Herdei o teu cabelo, dizem-me.

Amo-te.

Boa noite.

domingo, 26 de abril de 2009


"...or if your wish be to close me,
i and my life will shut very beautifully, suddenly,
as when the heart of this flower imagines
the snow carefully everywhere descending..."
*
e.e.cummings

domingo, 19 de abril de 2009


A noite passada sonhei com Moçambique. Quase, quase, quase, como tudo aconteceu. Andava descalço no meio da terra e o vento soprava com força de bebé pequeno pelos meus cabelos. Eu via a Sara ao longe, absorta no rio de crocodilos. Eu queria silêncio e um coração a explodir de fogo e de bênção e de amor. Eu existia sob a verdade simples daquele céu. Sabia dos sorrisos-luz das crianças e das mulheres caminhando pela margem dos caminhos. Ouvia dos homens os seus mistérios. Dos velhos as bibliotecas humanas, os olhos fundos de outros tempos e o conhecimento inteiro do mundo. Um só deles era toda a minha biblioteca, era mais que a minha biblioteca, era mais que qualquer biblioteca. Um só deles era vida e era passado e era o presente e até o que havia de vir. Era como ler um livro que não acabasse. Ou como lê-lo ano após ano e ser sempre diferente. Os animais vinham até mim como se eu fosse Noé. No sonho, eu podia falar com eles.
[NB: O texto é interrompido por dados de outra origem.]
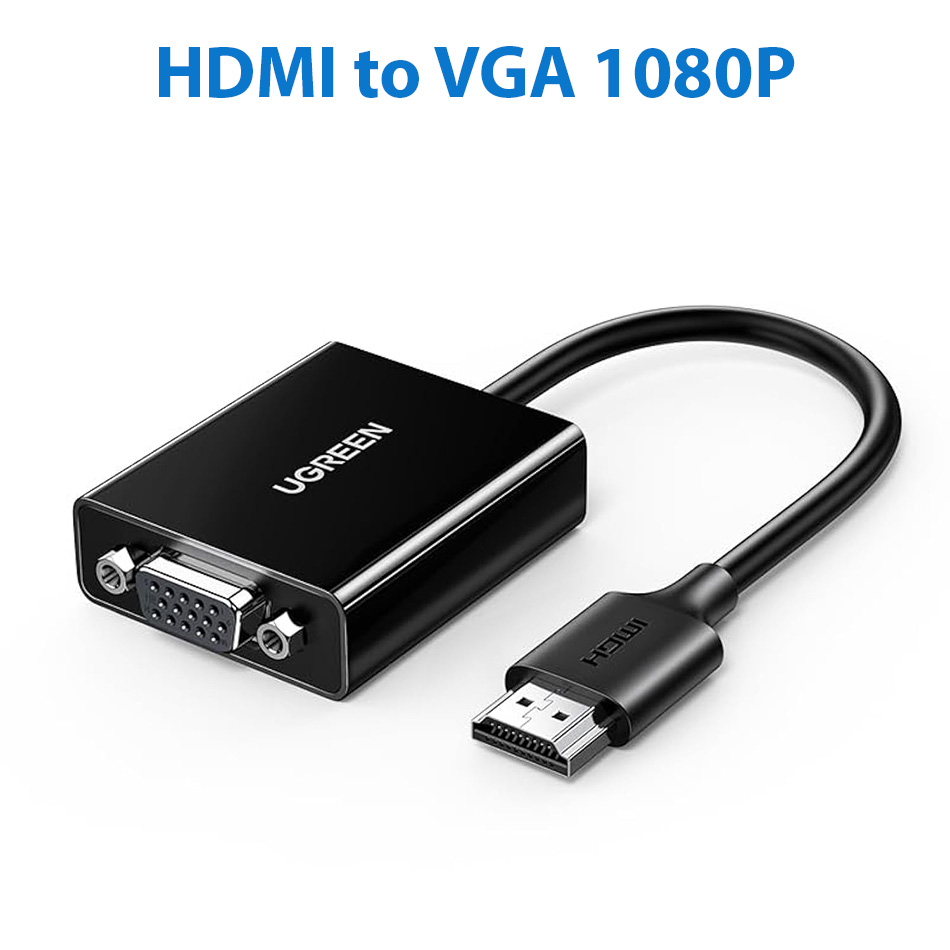 Cáp chuyển đổi  HDMI to VGA 1080p Adapter Ugreen 90813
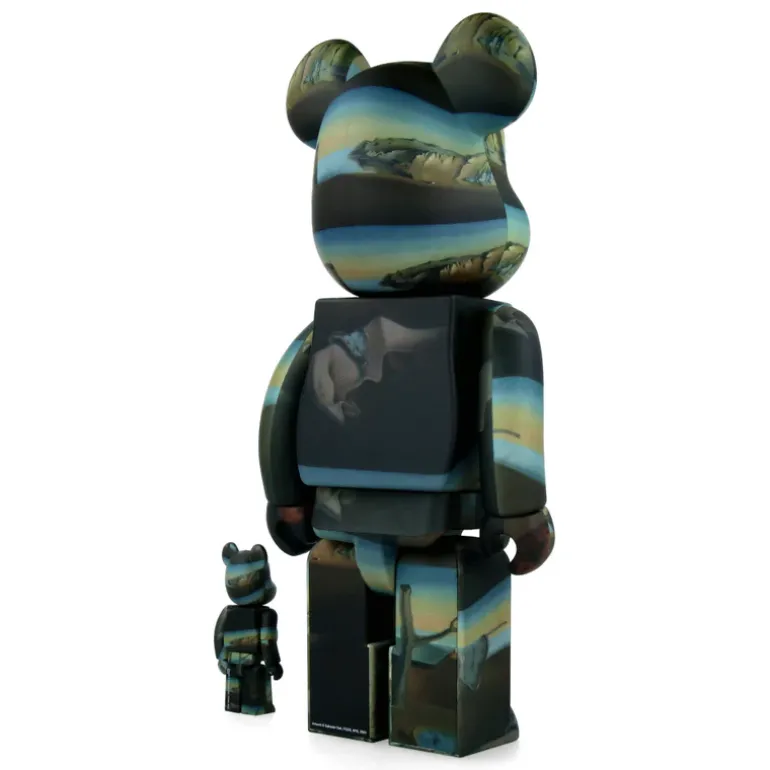 400% + 100% Bearbrick Salvador Dali The Persistance of Memory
Vai, disse eu ao leão. E o leão obedeceu-me e desapareceu por entre as ervas altas.

Devagar, o mundo vinha rodear-me em Moçambique.

E depois houve silêncio, como se todos tivessem sido, por segundos, dissolvidos no pó da terra e espalhados pelo sopro do vento. O sol entrava dentro da terra, como se fosse a vida a acontecer depois de um homem e de uma mulher e um bebé milagroso. Os pássaros parados no tempo, envolvidos nos seus ramos de marasmo. Depois, quebrando o véu do silêncio, um cântico. Entrei dentro do edifício antigo. Era uma igreja enorme e simples, de paredes nuas. No centro, uma cruz, algumas flores. Numa das extremidades do interior da igreja, um grupo de africanos entoava uma música, Oh, dá-me mãos limpas, um coração puro, arranca a vaidade, ensina-me a amar, e soavam tambores suaves e as vozes construíam um edifício imaginado de vários andares. A luz caía melíflua lá dentro. E o divino descia, se é que precisava de descer, se é que não vivesse sempre em meu redor, se é que não fosse o passo seguro, o balanço das árvores ao vento, as mãos dadas dos amantes honestos, a corrente fresca dos rios.


Quando acordei, pensei no velho do livro do Hemingway, que sonhara com leões.


Eu, no meu sonho, era capaz de falar com eles.